A tecnologia mudou a maneira como nos vemos. As guerras em diversos países entram nos celulares de imediato e delas tomamos ciência em sua real dimensão e horror. E sentenciamos: “Nunca fomos tão cruéis e a preservação do planeta e da raça está por um triz”. Parece não ser uma característica só desses dias, vamos convir. Gostamos de nos enfrentar, ampliando o domínio dos territórios. O fascínio pelo poder é semelhante ao dos antigos romanos ou ao dos homens da Idade Média. Sabe o que está se passando? Neste período da história, ganhamos um recurso extraordinário: a internet. E ela revela para todos os propósitos outrora dissimulados. Nossos pensamentos saíram da caverna e os expomos nas redes sociais. Em essência, há escassa diferença entre as ações do passado e as que praticamos neste momento. Antes, poucos tinham conhecimento do lado obscuro de cada alma. Agora o expomos em praça pública. Perdemos o pudor em assumir para os demais preconceitos e opiniões rasas, sem filtro algum. Aliás, quanto mais polêmica, maior a probabilidade de engajamento. E o resultado desejado será alcançado: monetizar a estupidez.

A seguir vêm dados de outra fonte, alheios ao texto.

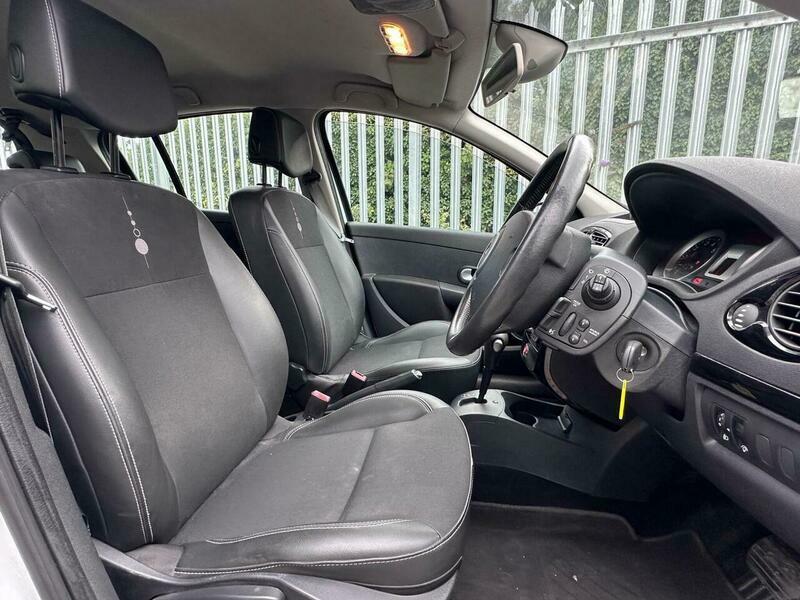Renault Clio 1.1 I-music 16V 74 Bhp Silver #26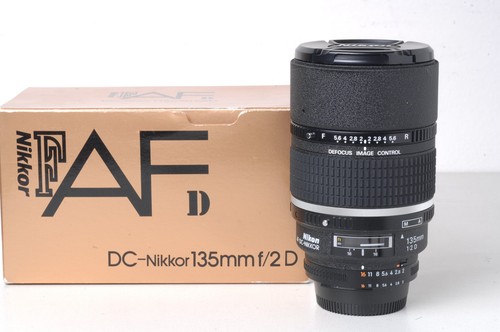 Nikon nikkor 135mm f - af-d,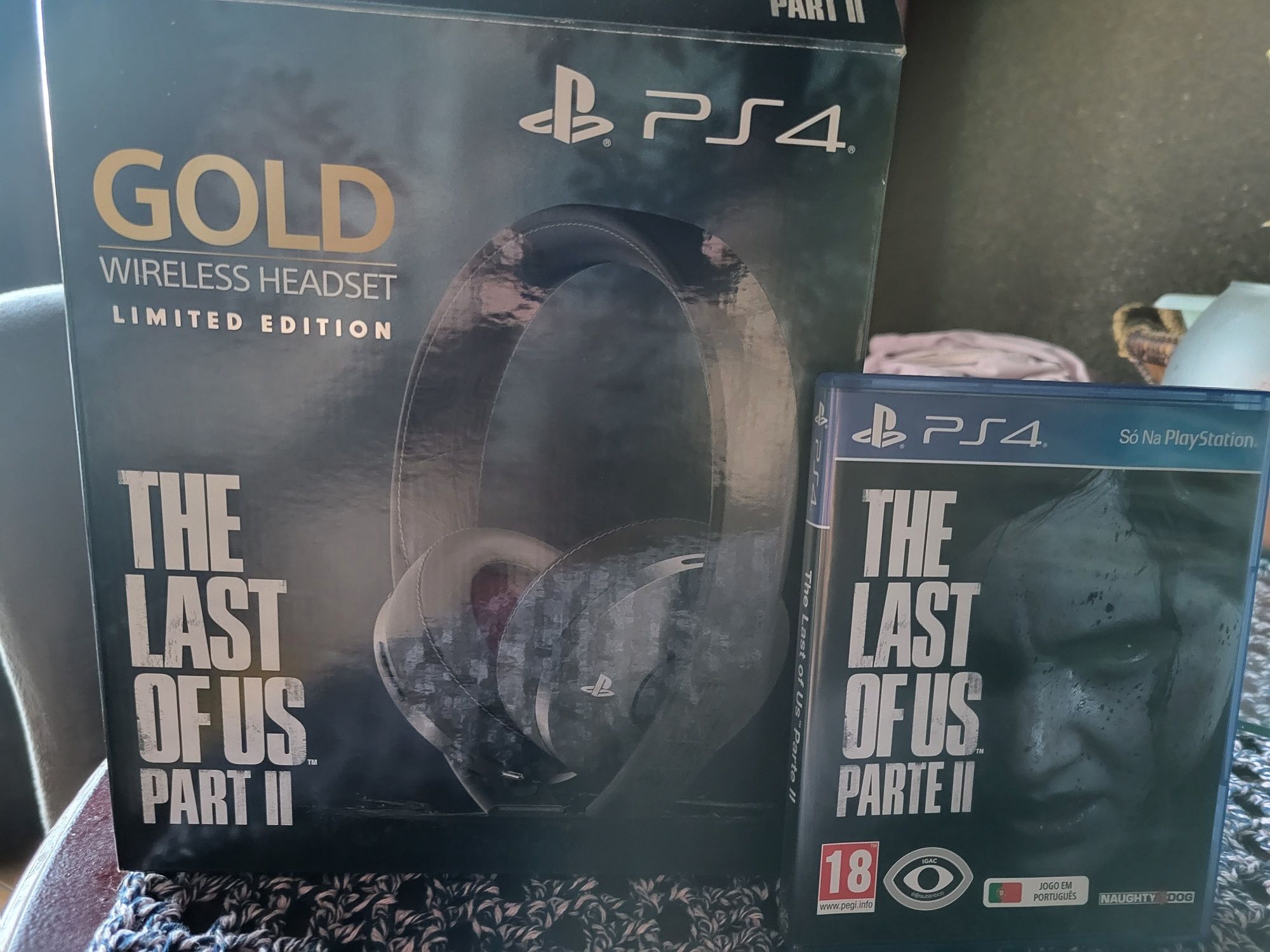 Headphone PS4 Gold Wireless Ed. The Last of Us 2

Penso várias vezes antes de me posicionar frente à determinada situação ou fato. O respeito pelo diverso precisa receber nossa atenção. Ninguém detém verdades definitivas. Reservar para si próprio certos julgamentos é um ato de refinamento interior. Dar menos primazia ao eu, esvaziando-se do orgulho. Sugiro revermos o significado da palavra liberdade, para não exagerar no que pode ser dito. Tento fazer com que a reflexão preceda a vontade de sair por aí gritando crenças individuais. Caminho sobre o provisório, e a noção de acolher o múltiplo habita a minha mente.

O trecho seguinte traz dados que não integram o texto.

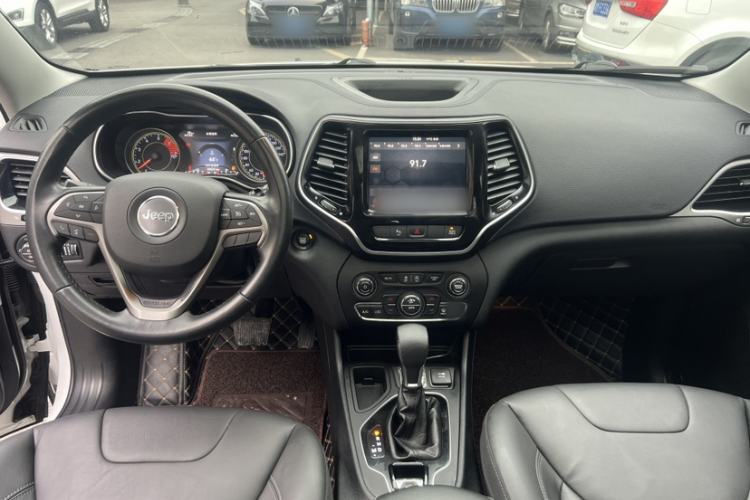 Used  Cherokee 2019 2.0T Two-Wheel Drive Smart Enjoyment Version China V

Tenho uma imagem consideravelmente boa de nós mesmos. Andamos meio perdidos, isso sim. Equilibramo-nos como é possível em meio a multidões em busca de um lugar ao sol. Logo ali adiante inventaremos outro jeito de interpretar o mundo.
Ainda tento responder quem somos nós, afinal. Arrisco dizer que provavelmente o resultado dos estímulos externos recebidos.
O futuro a Deus pertence. E ao Vale do Silício também.